Towards that objective, we propose a two-phase greedy heuristic and an ML-based approach. We assess them in terms of energy, quality of service (QoS), network traffic, migrations, and scalability for various datacentre scenarios. We also introduce a novel hyper-heuristic algorithm that dynamically finds the best algorithm according to a user-defined metric. For optimality assessment, we formulate an integer linear programming (ILP)-based VM allocation method to minimize energy consumption and data communication, which obtains optimal results, but is impractical at runtime.
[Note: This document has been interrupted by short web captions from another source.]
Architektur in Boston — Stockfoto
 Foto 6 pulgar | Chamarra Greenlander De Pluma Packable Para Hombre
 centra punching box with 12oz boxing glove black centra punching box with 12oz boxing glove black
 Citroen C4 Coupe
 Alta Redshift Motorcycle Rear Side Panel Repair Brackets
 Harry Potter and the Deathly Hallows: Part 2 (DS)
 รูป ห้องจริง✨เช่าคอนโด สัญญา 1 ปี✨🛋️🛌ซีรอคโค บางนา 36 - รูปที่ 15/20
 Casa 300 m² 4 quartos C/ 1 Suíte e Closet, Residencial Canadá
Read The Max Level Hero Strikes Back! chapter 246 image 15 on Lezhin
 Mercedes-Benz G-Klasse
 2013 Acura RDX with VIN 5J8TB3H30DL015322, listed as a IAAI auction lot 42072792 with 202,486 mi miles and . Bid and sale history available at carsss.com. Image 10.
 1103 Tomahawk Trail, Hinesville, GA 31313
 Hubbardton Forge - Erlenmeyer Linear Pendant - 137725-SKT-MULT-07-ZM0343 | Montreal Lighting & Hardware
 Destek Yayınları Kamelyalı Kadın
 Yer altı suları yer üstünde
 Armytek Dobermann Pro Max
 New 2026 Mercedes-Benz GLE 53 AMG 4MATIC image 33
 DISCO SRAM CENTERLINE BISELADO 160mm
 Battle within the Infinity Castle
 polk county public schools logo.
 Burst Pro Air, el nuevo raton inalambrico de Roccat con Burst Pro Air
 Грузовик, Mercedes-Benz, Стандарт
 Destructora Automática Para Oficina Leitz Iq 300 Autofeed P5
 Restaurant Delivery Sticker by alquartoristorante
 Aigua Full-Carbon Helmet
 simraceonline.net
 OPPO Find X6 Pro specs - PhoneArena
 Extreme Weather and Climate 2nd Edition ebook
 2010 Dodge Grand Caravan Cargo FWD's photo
Our results show that the ML approach provides up to 24% server-to-server network traffic improvement and reduces execution time by up to 480× compared to conventional approaches, for large-scale scenarios. On the contrary, the heuristic approach outperforms the ML method in terms of energy and network traffic for reduced scenarios. We also show that the heuristic and ML approaches have up to 6% energy consumption overhead compared to ILP-based optimal solution. Our hyper-heuristic integrates the strengths of both the heuristic and the ML methods by selecting the best one during runtime.
We also introduce ECOGreen, a holistic strategy to jointly optimize the datacenter regulation service problem and virtual machine (VM) allocation that satisfies the hour-ahead power market constraints in the presence of electrical energy storage (EES) and renewable energy. After determining the best power and reserve bidding values and the number of active servers in a fast analytical way, we present an online adaptive policy that modulates datacenter power consumption by controlling VMs CPU resource limits and efficiently utilizing demand-side EES and renewable power, while guaranteeing quality-of-service (QoS) constraints.
Our results demonstrate that ECOGreen can provide 76% of the datacenter power consumption on average as reserves to the market. Our study shows that ECOGreen could save up to 71% electricity costs when compared to other state-of-the-art datacenter electricity cost minimization techniques.